### Task requirements
Leaving out all pictures, return exactly the lines from the one that contains "他音响工作室中调节不同音轨的桌子图片素材" through the end of the data below.

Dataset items
────────

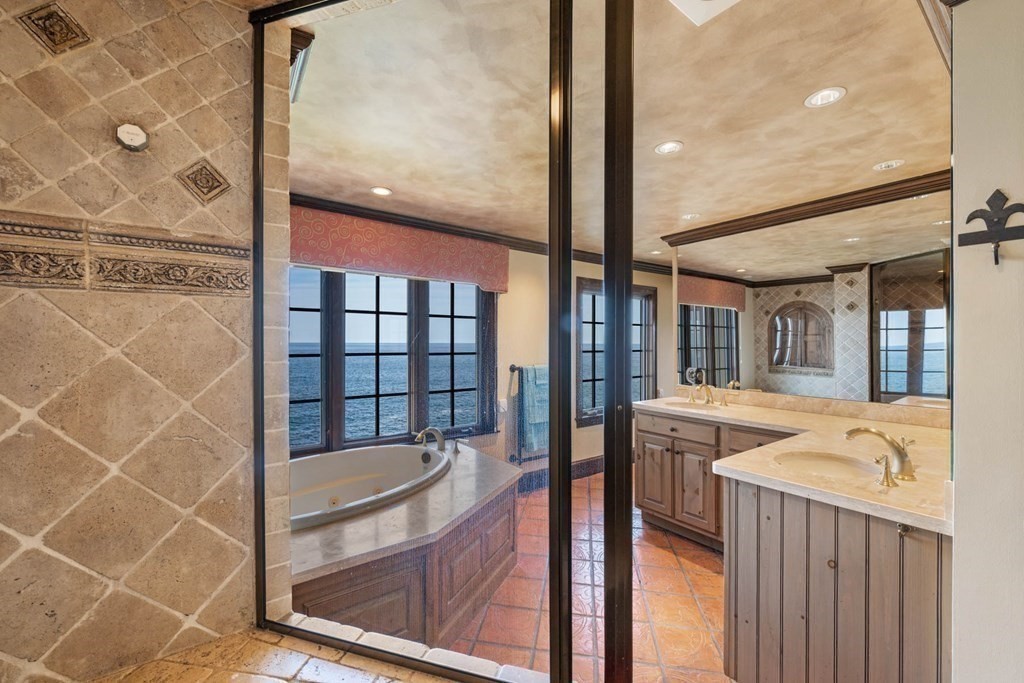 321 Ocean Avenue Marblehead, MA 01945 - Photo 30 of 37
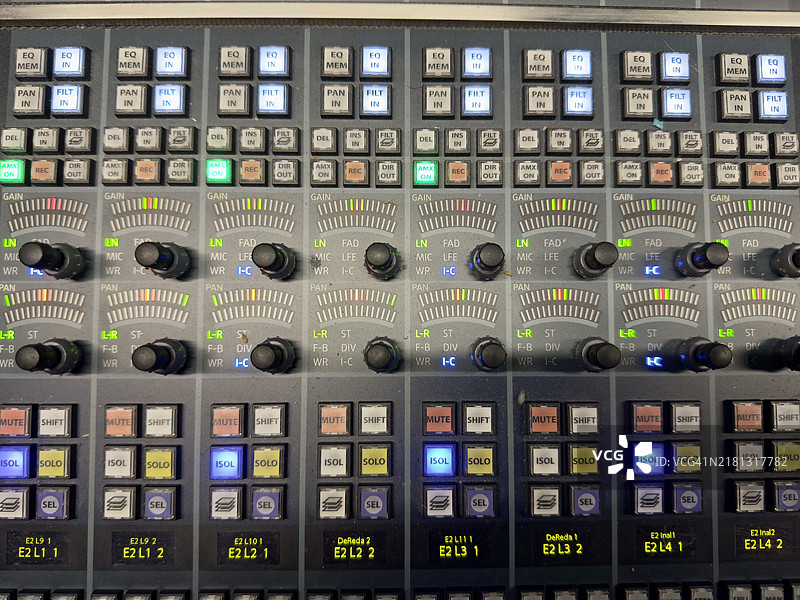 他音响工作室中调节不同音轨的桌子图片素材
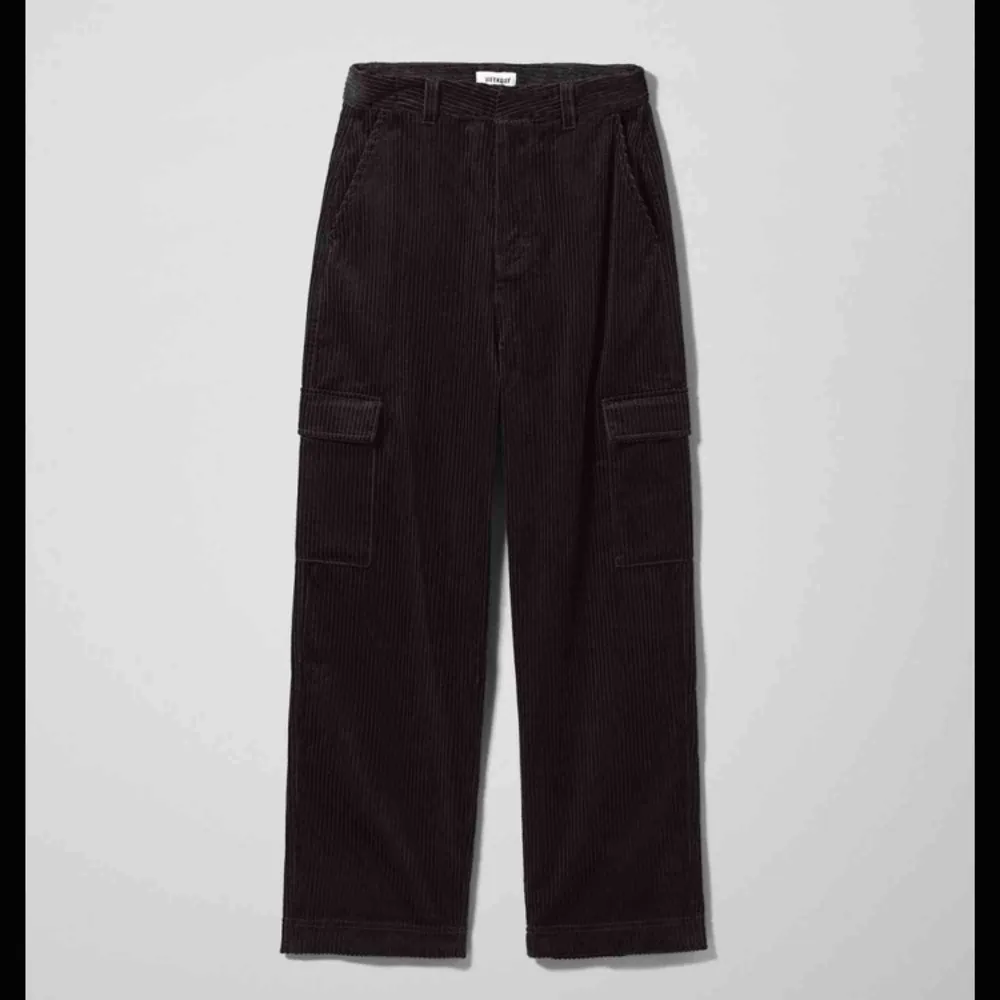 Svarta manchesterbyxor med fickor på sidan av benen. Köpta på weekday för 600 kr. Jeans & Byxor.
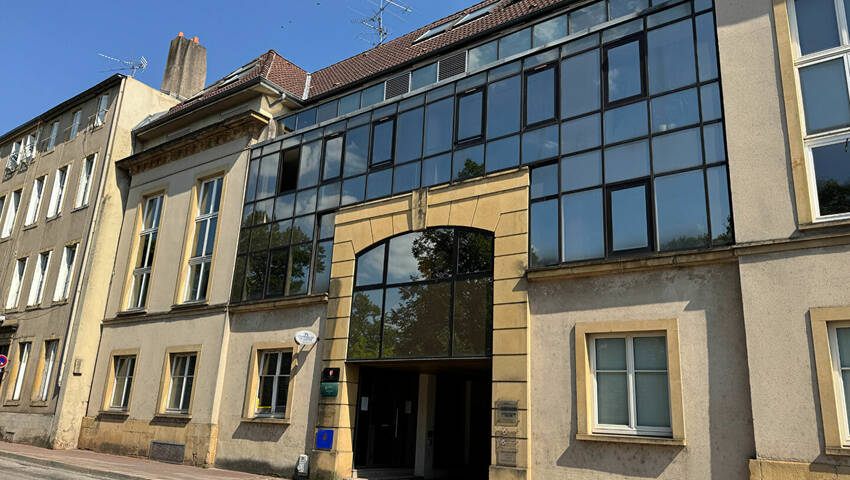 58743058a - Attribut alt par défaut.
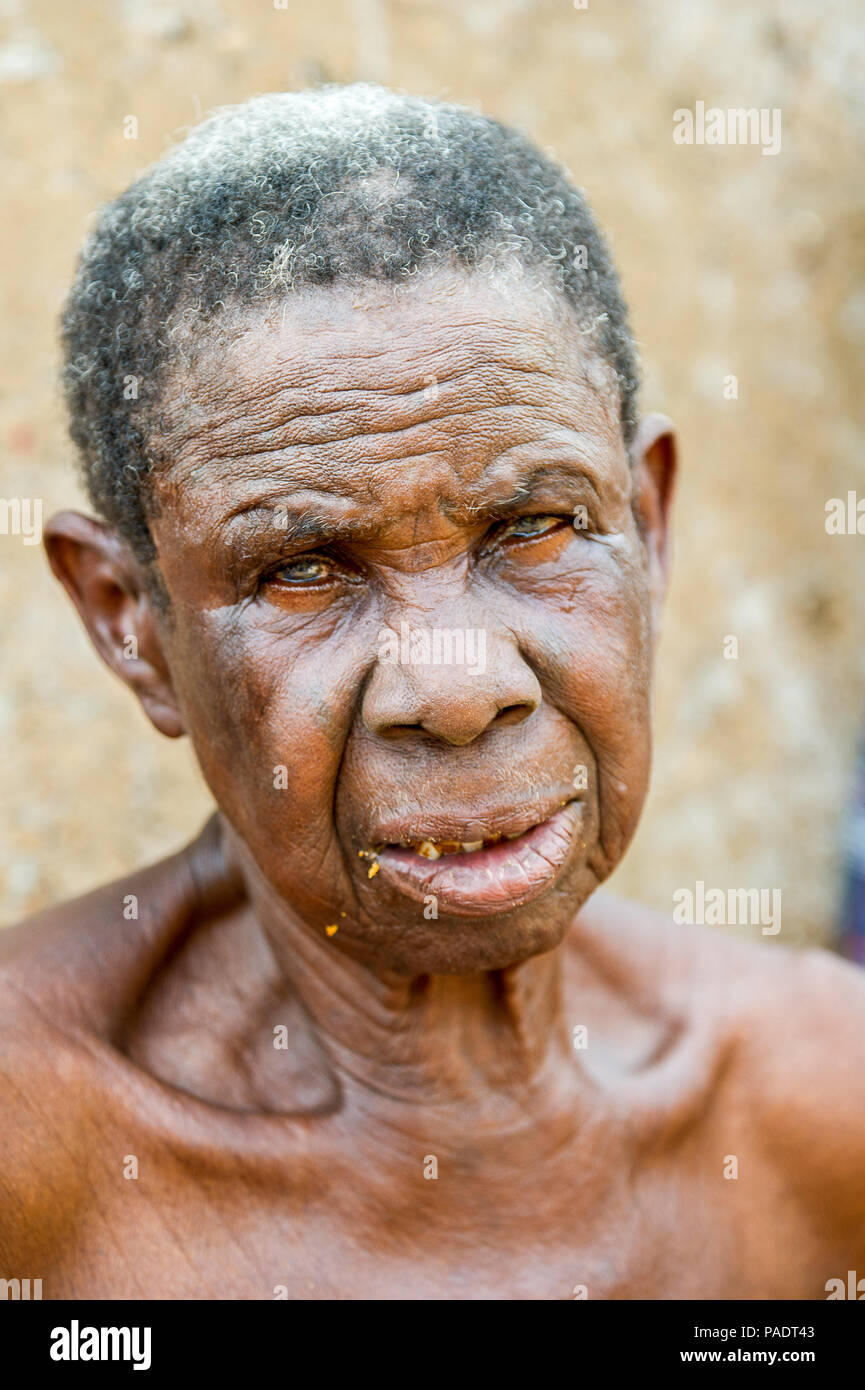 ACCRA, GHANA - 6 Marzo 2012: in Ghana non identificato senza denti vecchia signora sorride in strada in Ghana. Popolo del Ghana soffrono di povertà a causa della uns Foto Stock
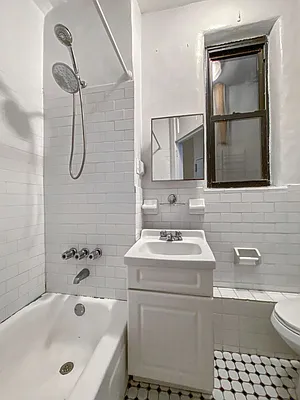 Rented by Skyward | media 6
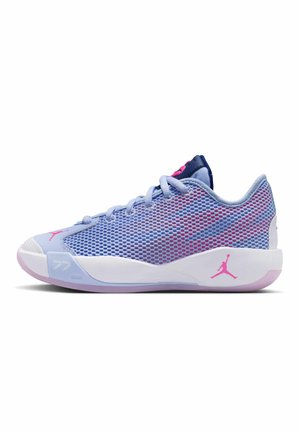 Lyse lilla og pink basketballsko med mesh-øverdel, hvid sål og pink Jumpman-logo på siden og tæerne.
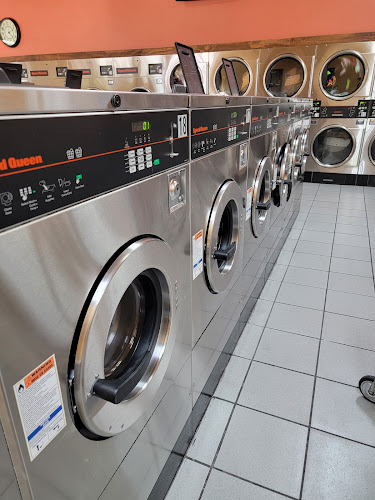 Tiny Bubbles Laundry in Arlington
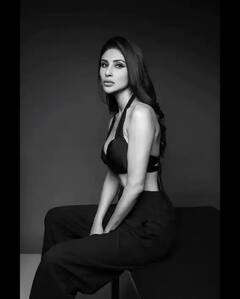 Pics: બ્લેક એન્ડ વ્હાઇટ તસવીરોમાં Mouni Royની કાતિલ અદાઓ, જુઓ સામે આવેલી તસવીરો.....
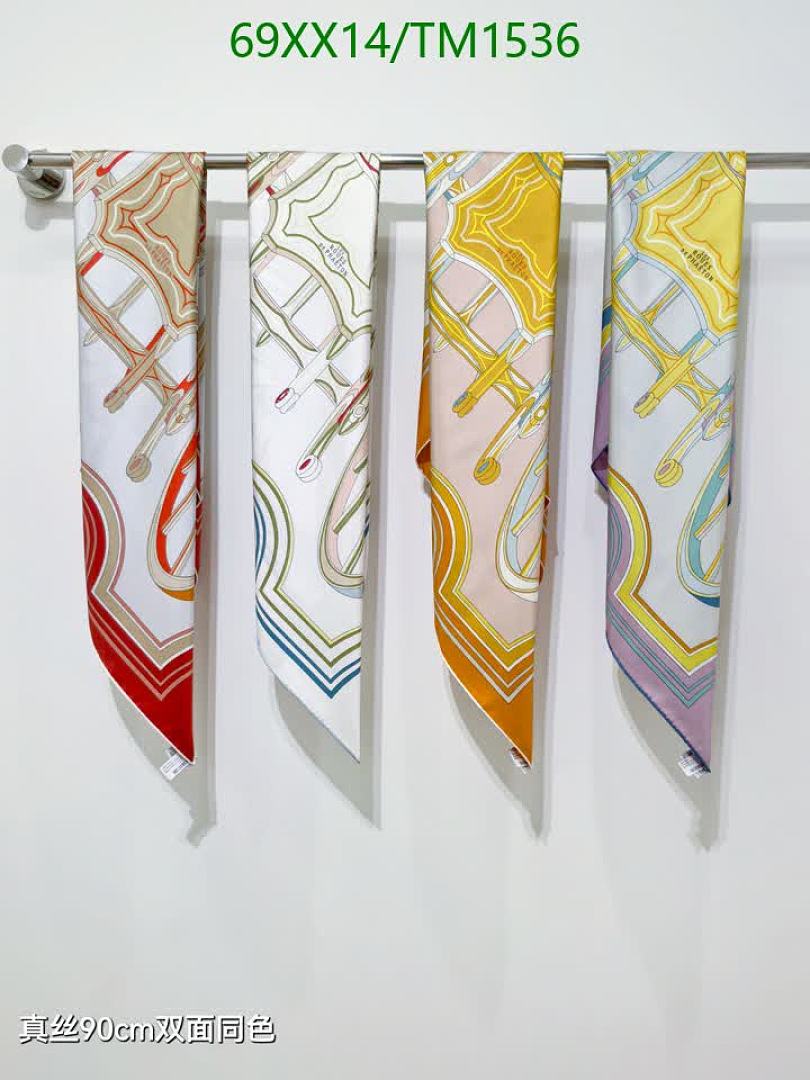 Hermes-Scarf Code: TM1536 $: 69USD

────────

### Exercise response
 他音响工作室中调节不同音轨的桌子图片素材
 Svarta manchesterbyxor med fickor på sidan av benen. Köpta på weekday för 600 kr. Jeans & Byxor.
 58743058a - Attribut alt par défaut.
 ACCRA, GHANA - 6 Marzo 2012: in Ghana non identificato senza denti vecchia signora sorride in strada in Ghana. Popolo del Ghana soffrono di povertà a causa della uns Foto Stock
 Rented by Skyward | media 6
 Lyse lilla og pink basketballsko med mesh-øverdel, hvid sål og pink Jumpman-logo på siden og tæerne.
 Tiny Bubbles Laundry in Arlington
 Pics: બ્લેક એન્ડ વ્હાઇટ તસવીરોમાં Mouni Royની કાતિલ અદાઓ, જુઓ સામે આવેલી તસવીરો.....
 Hermes-Scarf Code: TM1536 $: 69USD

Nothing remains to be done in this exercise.